We expect great things from Okinawa; Jubilee 2000 members and others will be holding summit vigils around the world, starting in Geneva. There will be a vigil in Bristol cathedral as dawn breaks in Okinawa, but before that the letters will flow and, as I said earlier, they will flow internationally. In Parliament, Ministers will be asked three questions. First, why has so little of the ․100 billion debt cancellation promised at Cologne been achieved and why has so little reached the HIPC countries? Secondly, my right hon. Friend the Chancellor said that the ․100 billion debt cancellation was a step on the road to a real solution. Is that still his view? What further action has he in mind? Finally, what further reforms of the International Monetary Fund are possible to strengthen the links between debt relief and poverty reduction? Millions of people around the world want their elected representatives to take action, and we must not fail them.
§ Dr. Jenny Tonge (Richmond Park)I congratulate the hon. Member for Bristol, West (Valerie Davey) on introducing the debate and express sadness and disappointment that those who joined us in the campaigns run by Jubilee 2000 last year are not present this morning.
It is unusual for me to do so, but I congratulate both the Government and the previous Tory Government on their efforts on debt relief. The right hon. and learned Member for Rushcliffe (Mr. Clarke) made one of the first moves when he was Chancellor of the Exchequer. I am delighted to acknowledge the work of the present Government—particularly the Chancellor of the Exchequer and the Secretary of State for International Development, who have taken great strides and raised the issue in many international contexts. Unfortunately, the hon. Member for Bristol, West is right that we all share a sense of disappointment that what was supposed to happen — forgiveness on account of the jubilee and the millennium, for example—has not materialised and little debt relief has been achieved.

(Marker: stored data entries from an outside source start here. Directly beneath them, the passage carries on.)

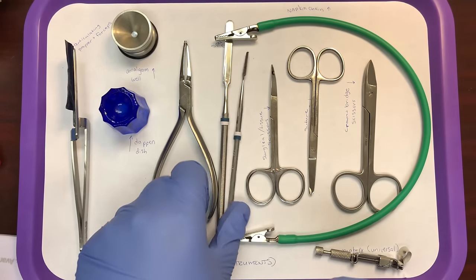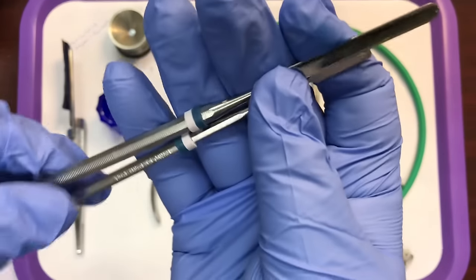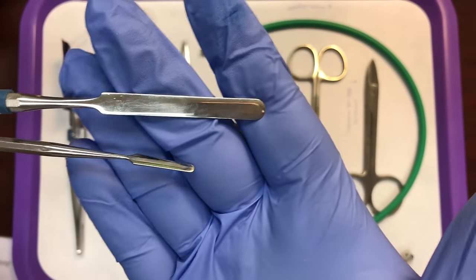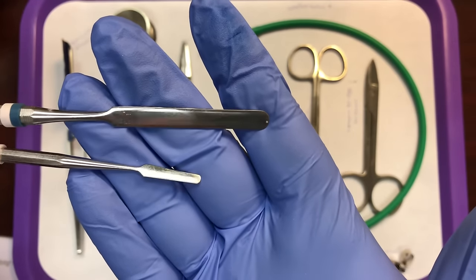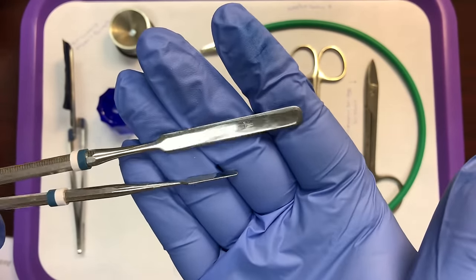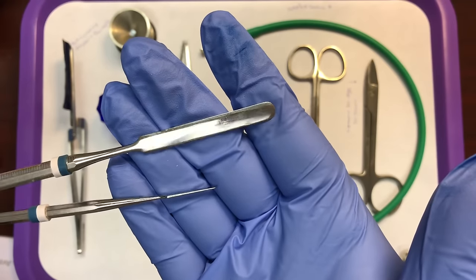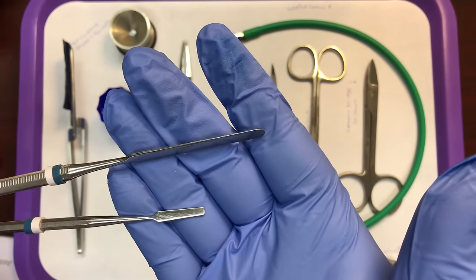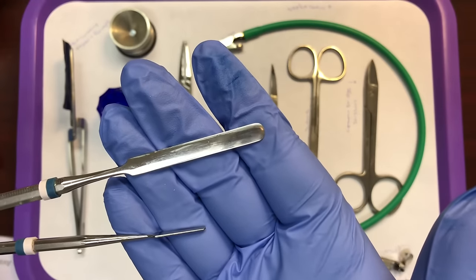Then we have spatulas. There are two different spatulas here — you pick the size based on what you're mixing. There are much larger spatulas used to mix stone and impression materials, but these two are specific to mixing things like cement and temporary filling materials. Whenever you have a spatula, it's going to be used to mix dental materials. These are specifically cement spatulas.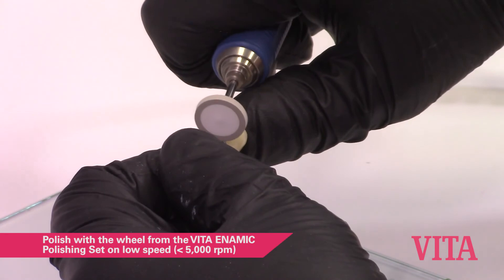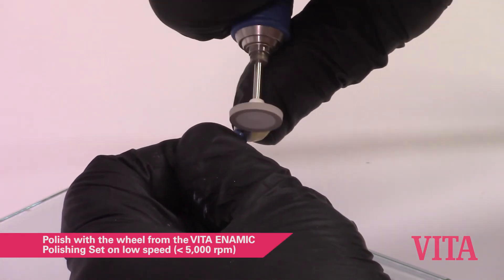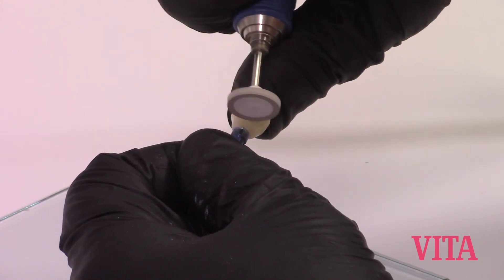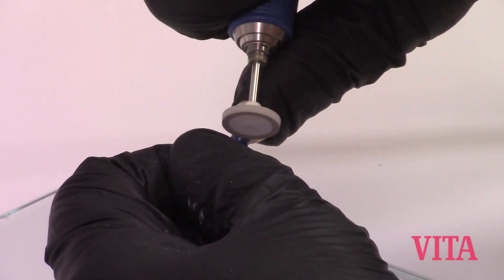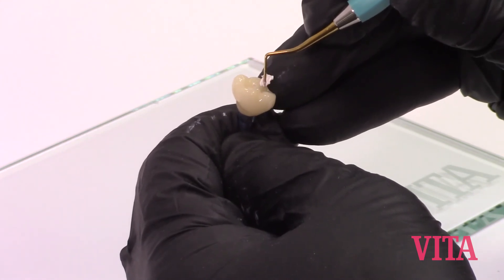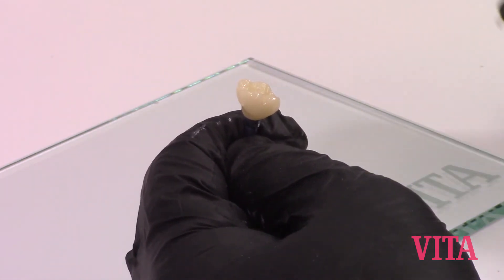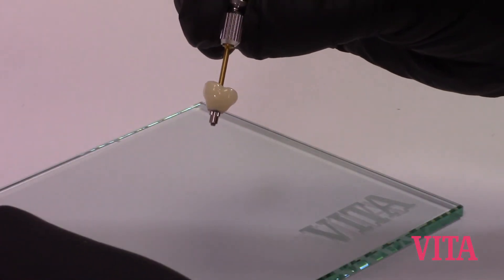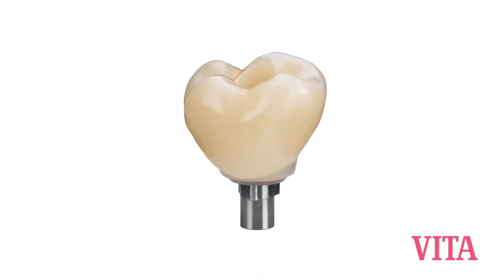Repolish the joint and the Enamic IS restoration to remove any excess adhesive and your marking lines. Remove your Teflon, then remove the restoration from the implant replica. After that's complete, you're finished.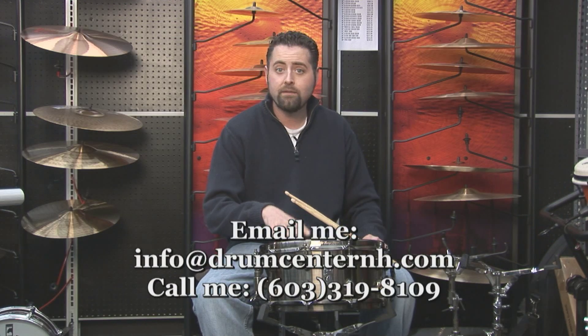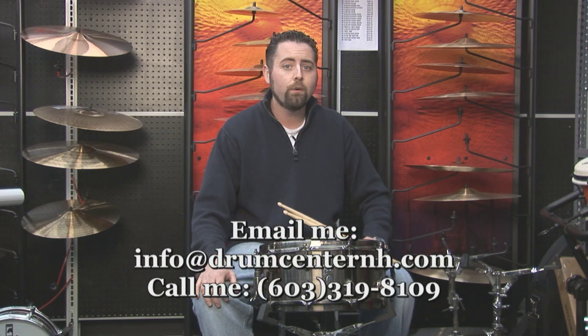If you are interested in buying it or have any questions on it, give me a call or send me an email at info@drumcenternh.com.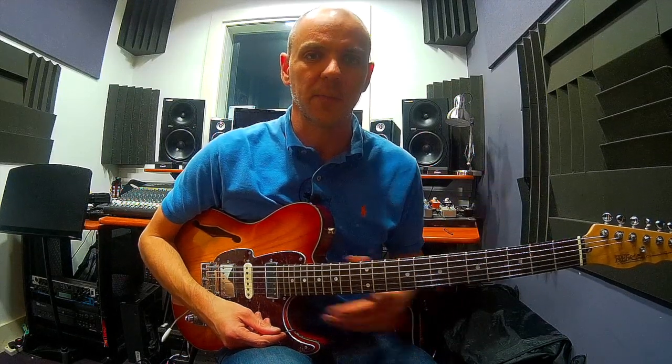In the other lesson, 'Arpeggios are King', we looked at learning the main arpeggio types: major 7, dominant 7, minor 7, and minor 7 flat 5. Now if you've got that down, this lesson is going to be your next step on from that.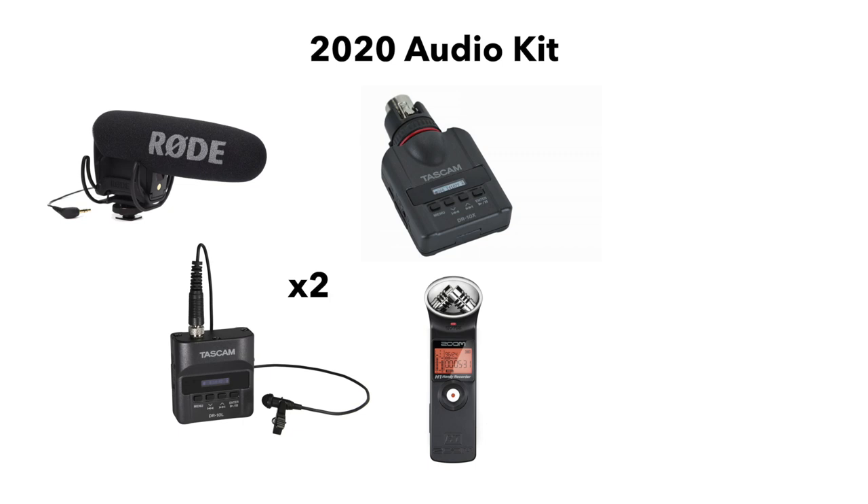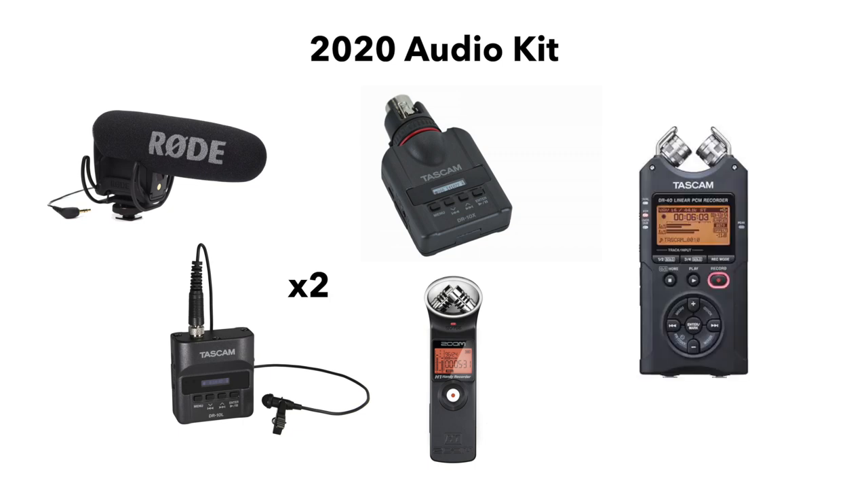I also have the Zoom H1, which used to be the recorder we used for lav mics, but has since been retired from that position. However, I do still like to use these to pick up unmiked instruments at a ceremony. And finally, I have the Tascam DR-40 as our main recorder. We use this in combination with three different audio cable options to capture audio from a DJ or venue's mic receiver, soundboard, or speaker. I go more in depth on those cables in a video that I'll link up here and down below.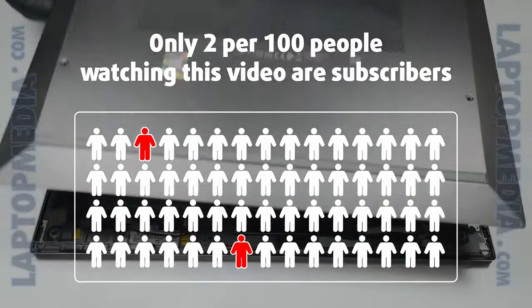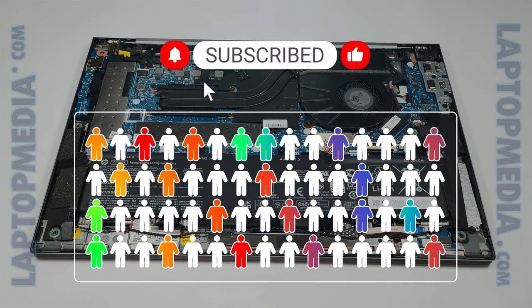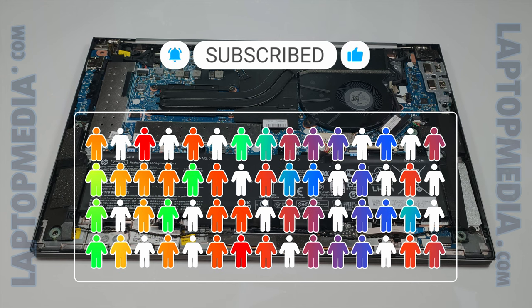Only 2 per 100 people watching this video are subscribers. If you decide to just start following us, we'll be able to reinvest more in our laboratory.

I shall not make a long speech because the arguments are already well rehearsed. The World Bank, however, has just issued a report called, "Can Africa claim the 21st century?" Coming from the World Bank—responsible in the past and, regarding Tanzania, in the future—it is a sick report, which highlights a great deal of irresponsible lending. It is disturbing to pose the question whether Africa can survive in the present century and I wonder how far we have managed to assist its survival. We were promised a reduction by half of the number of people living in extreme poverty by 2015, yet the World Bank estimates that there are now 70 million more people living in poverty than there were a few years ago. We are obviously going backwards in the poverty stakes.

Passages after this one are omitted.